- Exercise description
Exact transcription, pictures omitted: begin at the top line of the records below and end with the line bearing "A group of about".

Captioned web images

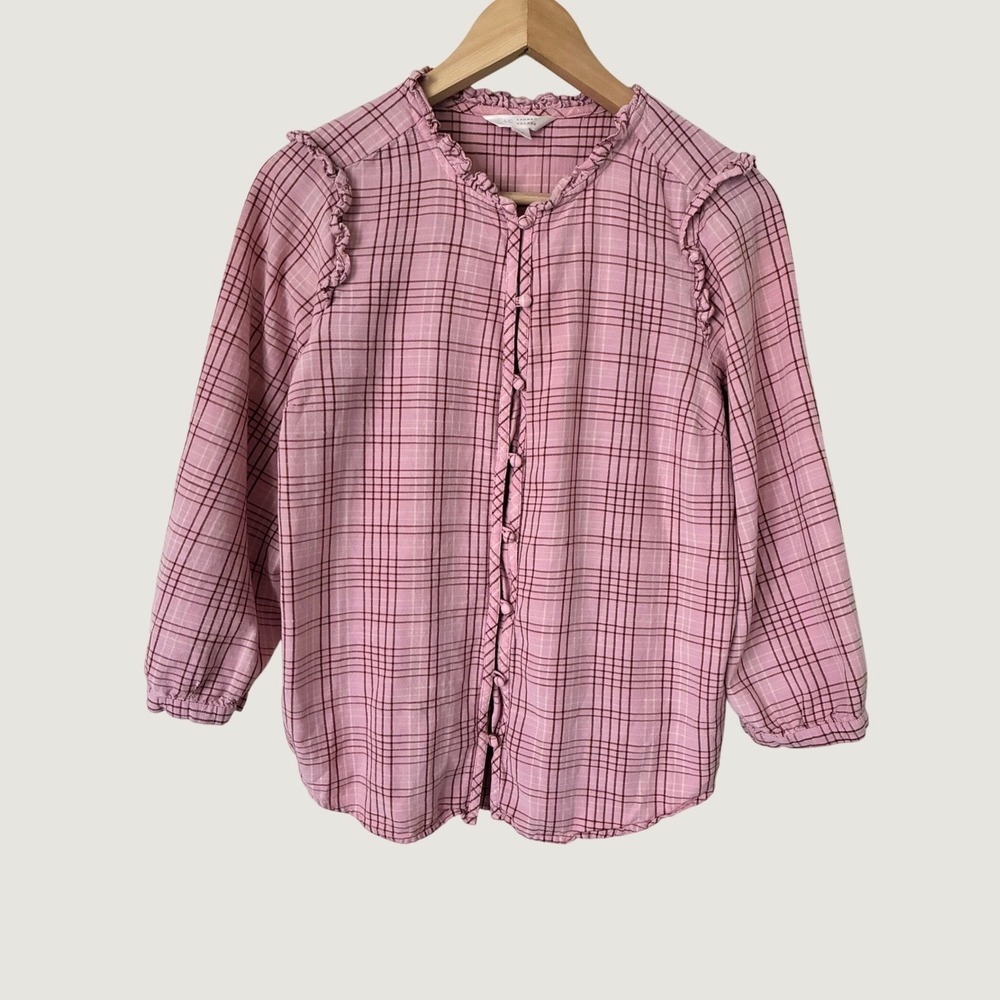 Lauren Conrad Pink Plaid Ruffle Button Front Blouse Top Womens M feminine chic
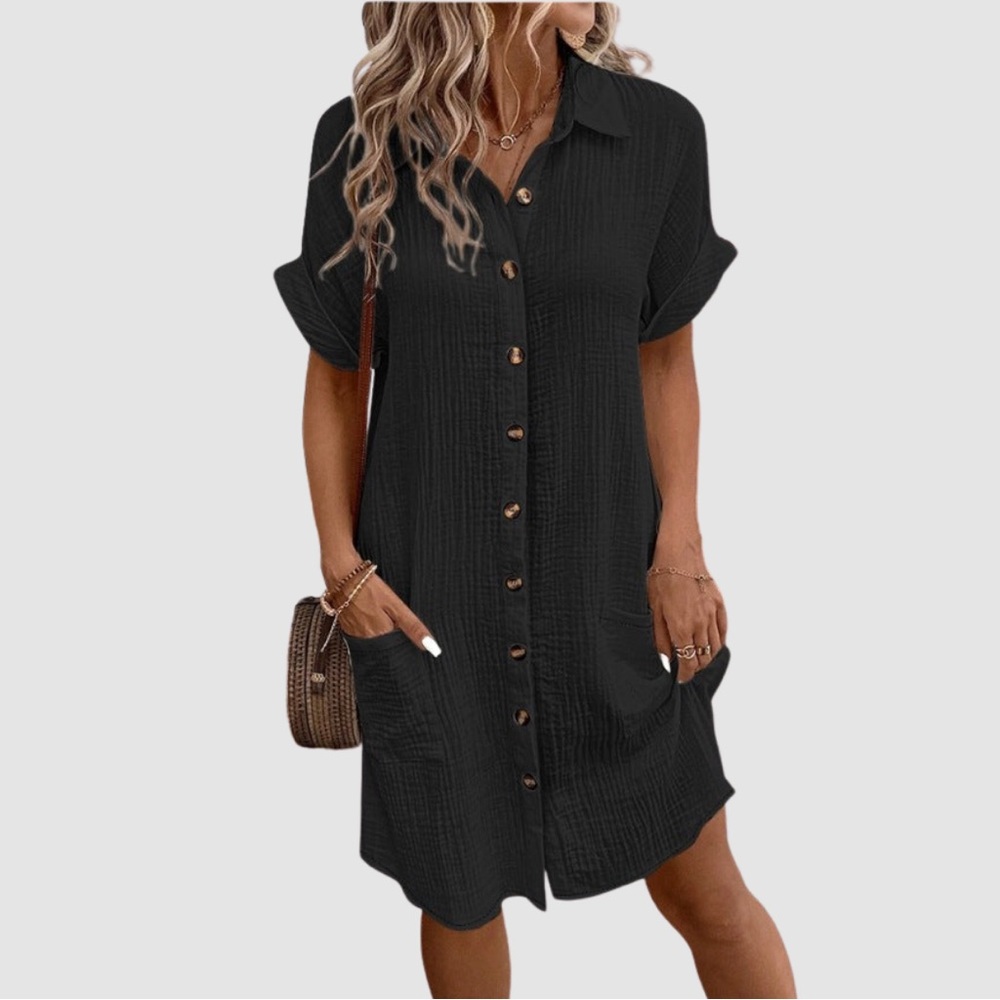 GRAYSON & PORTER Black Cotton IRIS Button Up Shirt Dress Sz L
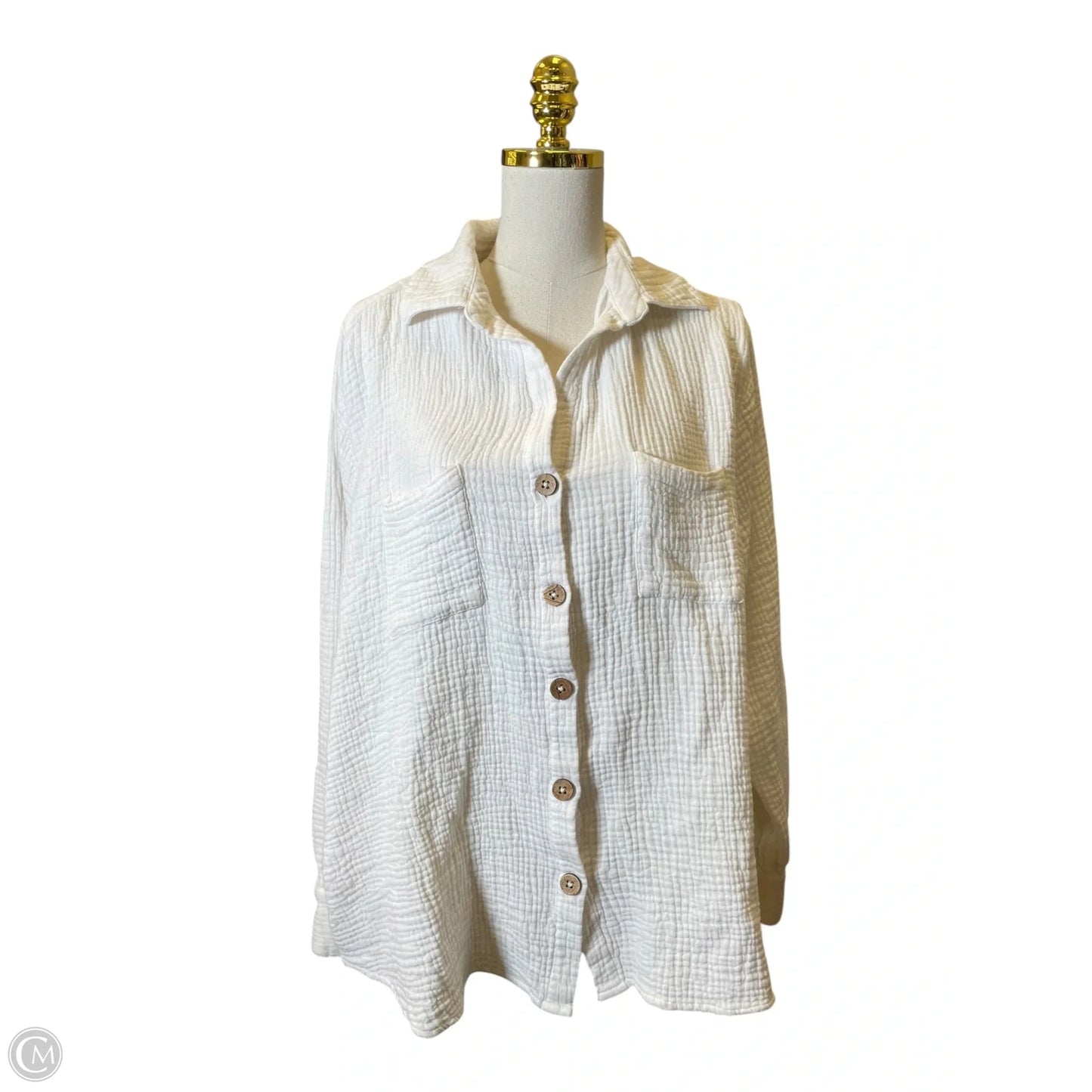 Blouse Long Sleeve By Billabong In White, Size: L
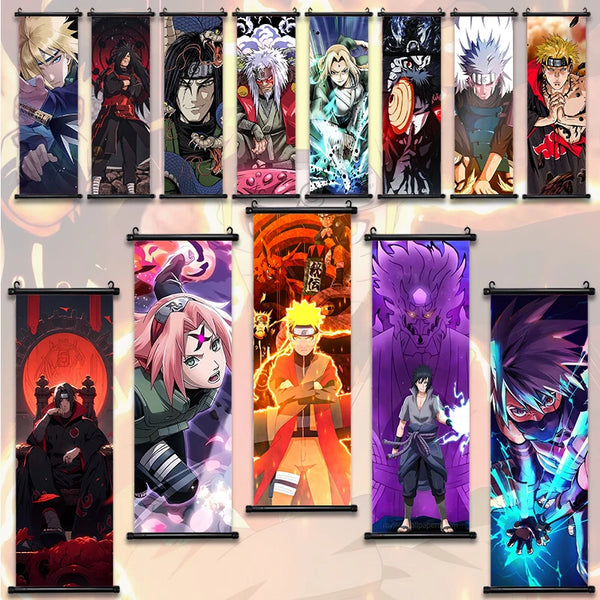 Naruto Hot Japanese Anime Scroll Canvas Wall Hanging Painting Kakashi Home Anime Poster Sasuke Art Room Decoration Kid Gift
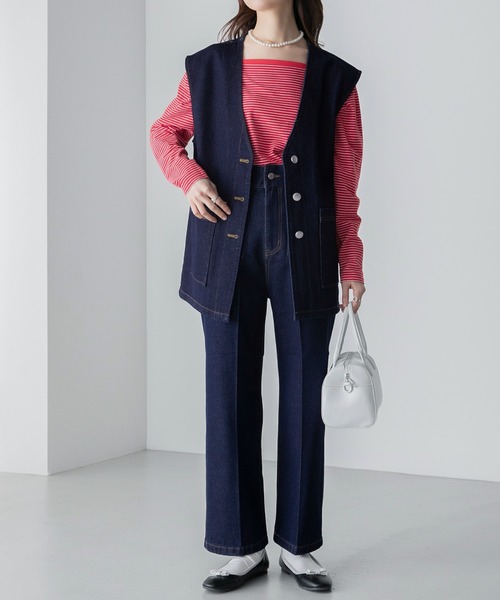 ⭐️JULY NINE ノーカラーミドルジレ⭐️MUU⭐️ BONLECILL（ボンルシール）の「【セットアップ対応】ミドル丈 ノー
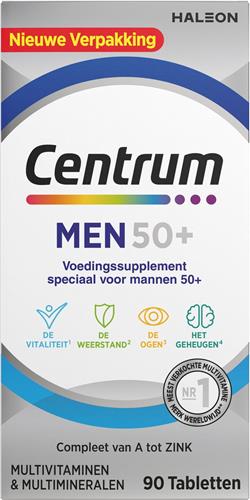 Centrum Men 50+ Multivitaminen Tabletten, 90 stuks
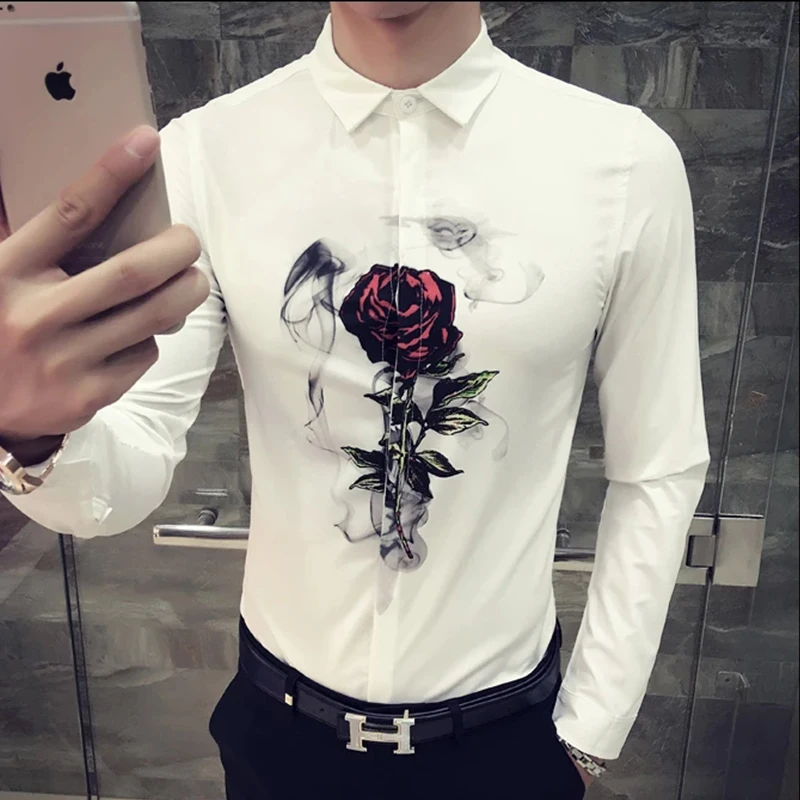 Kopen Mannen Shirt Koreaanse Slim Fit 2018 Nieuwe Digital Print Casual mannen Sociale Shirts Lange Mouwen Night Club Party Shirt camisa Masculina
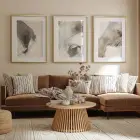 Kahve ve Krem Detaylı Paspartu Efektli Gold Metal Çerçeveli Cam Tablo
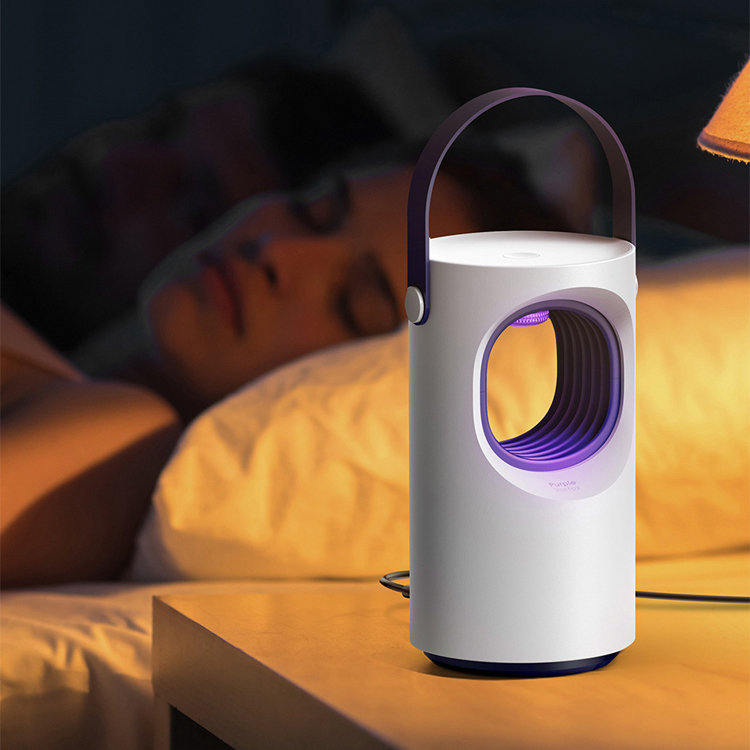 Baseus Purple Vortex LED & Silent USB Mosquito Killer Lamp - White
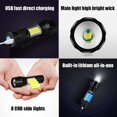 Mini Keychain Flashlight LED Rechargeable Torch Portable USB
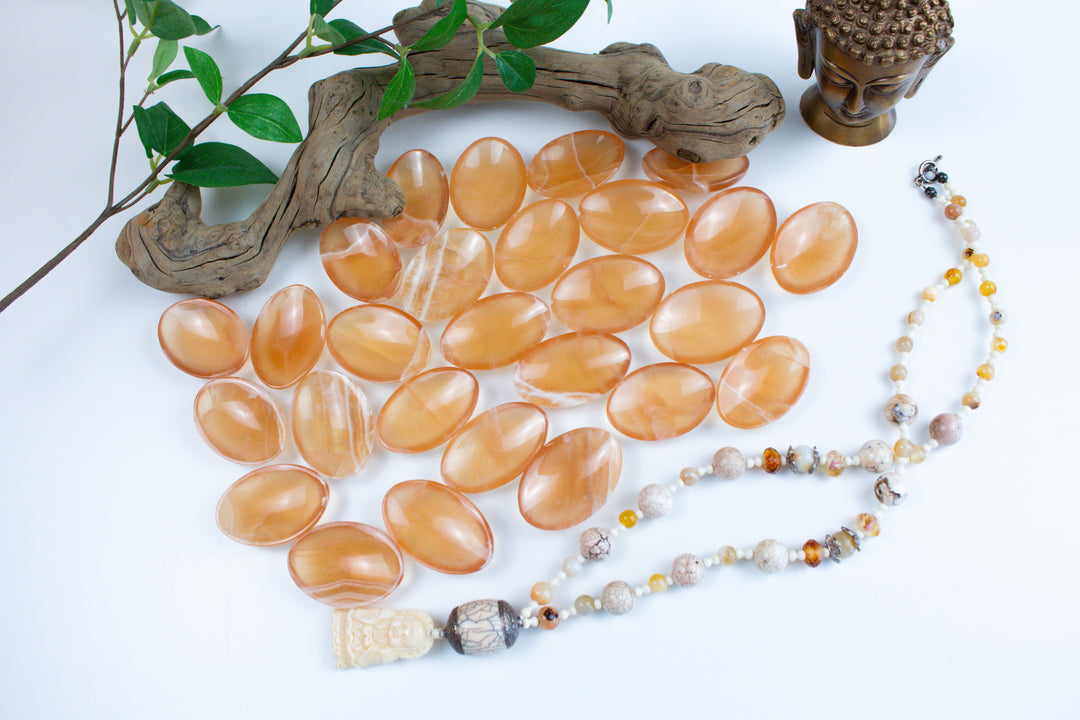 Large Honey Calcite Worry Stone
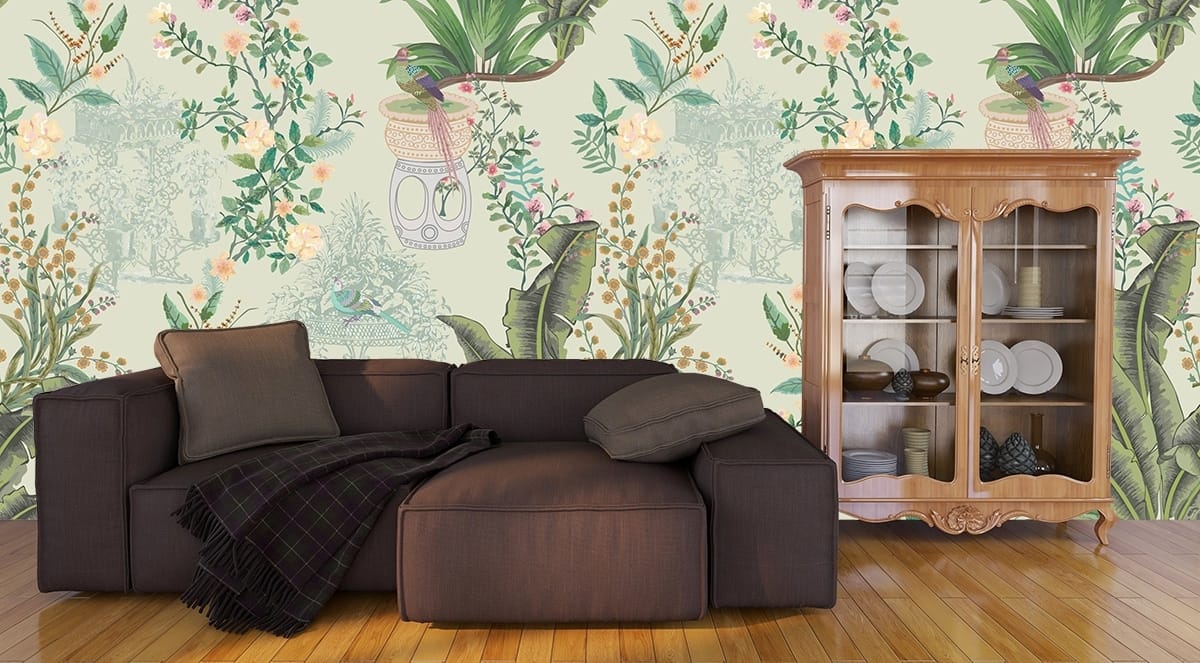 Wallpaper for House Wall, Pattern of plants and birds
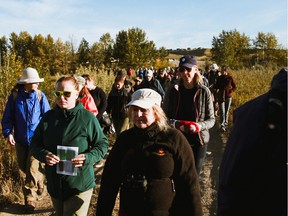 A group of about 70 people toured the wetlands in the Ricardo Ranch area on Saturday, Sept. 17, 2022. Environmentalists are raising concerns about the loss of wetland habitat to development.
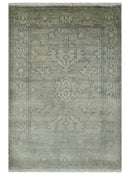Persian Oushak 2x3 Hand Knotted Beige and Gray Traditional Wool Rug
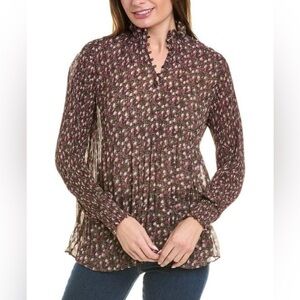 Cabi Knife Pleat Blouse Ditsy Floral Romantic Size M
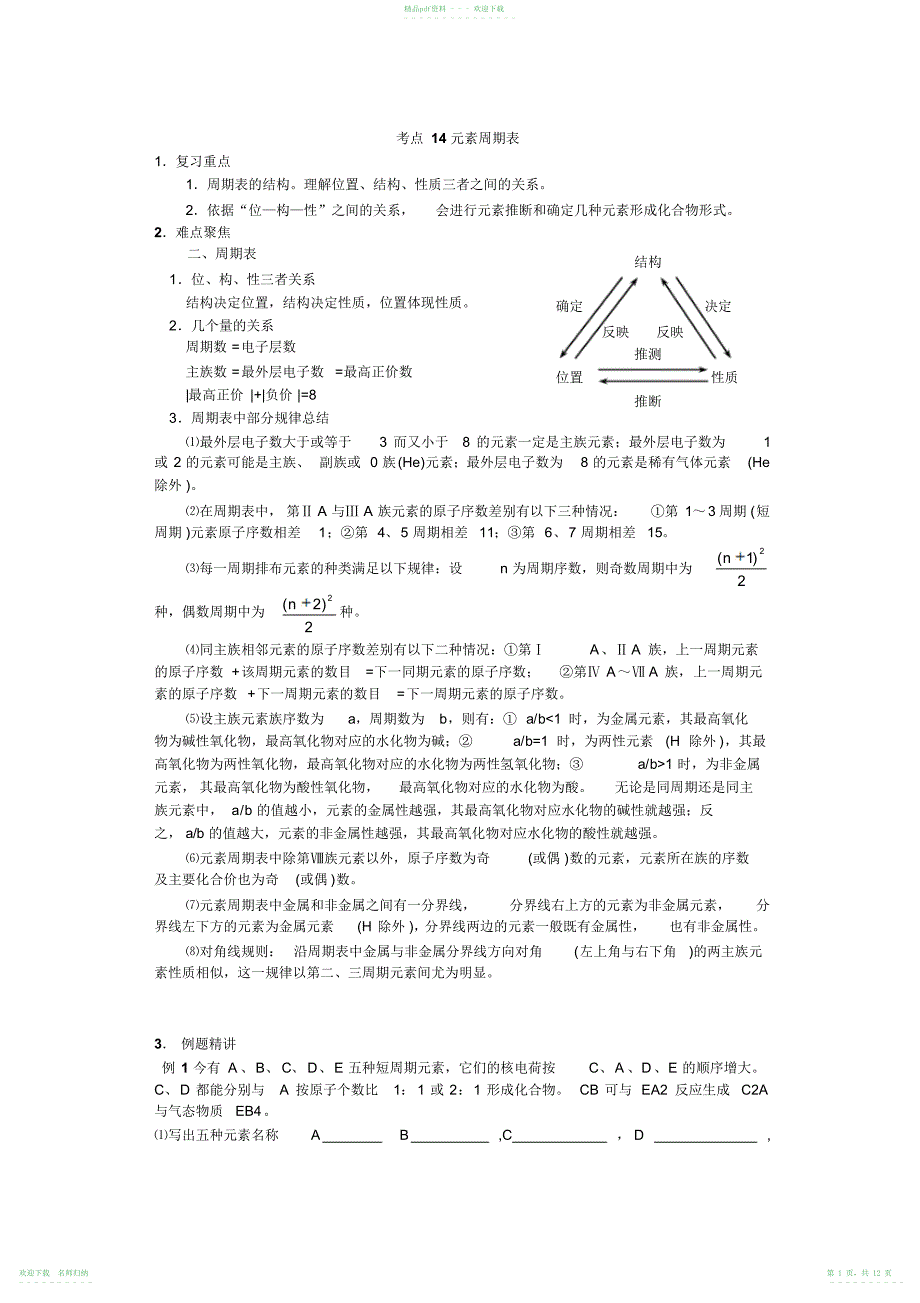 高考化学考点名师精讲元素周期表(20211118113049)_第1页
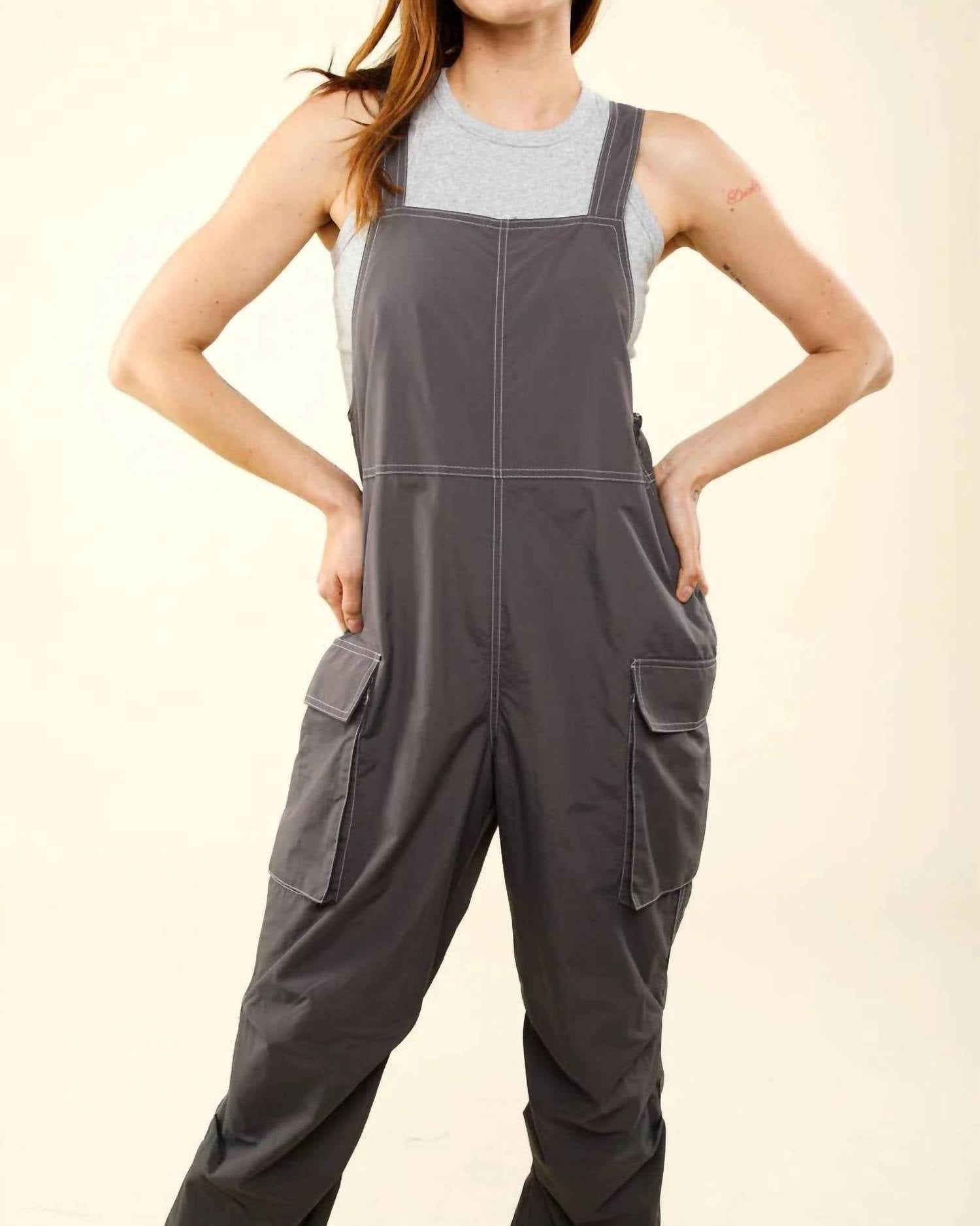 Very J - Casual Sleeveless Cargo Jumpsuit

- Response
 Lauren Conrad Pink Plaid Ruffle Button Front Blouse Top Womens M feminine chic
 GRAYSON & PORTER Black Cotton IRIS Button Up Shirt Dress Sz L
 Blouse Long Sleeve By Billabong In White, Size: L
 Naruto Hot Japanese Anime Scroll Canvas Wall Hanging Painting Kakashi Home Anime Poster Sasuke Art Room Decoration Kid Gift
 ⭐️JULY NINE ノーカラーミドルジレ⭐️MUU⭐️ BONLECILL（ボンルシール）の「【セットアップ対応】ミドル丈 ノー
 Centrum Men 50+ Multivitaminen Tabletten, 90 stuks
 Kopen Mannen Shirt Koreaanse Slim Fit 2018 Nieuwe Digital Print Casual mannen Sociale Shirts Lange Mouwen Night Club Party Shirt camisa Masculina
 Kahve ve Krem Detaylı Paspartu Efektli Gold Metal Çerçeveli Cam Tablo
 Baseus Purple Vortex LED & Silent USB Mosquito Killer Lamp - White
 Mini Keychain Flashlight LED Rechargeable Torch Portable USB
 Large Honey Calcite Worry Stone
 Wallpaper for House Wall, Pattern of plants and birds
 A group of about 70 people toured the wetlands in the Ricardo Ranch area on Saturday, Sept. 17, 2022. Environmentalists are raising concerns about the loss of wetland habitat to development.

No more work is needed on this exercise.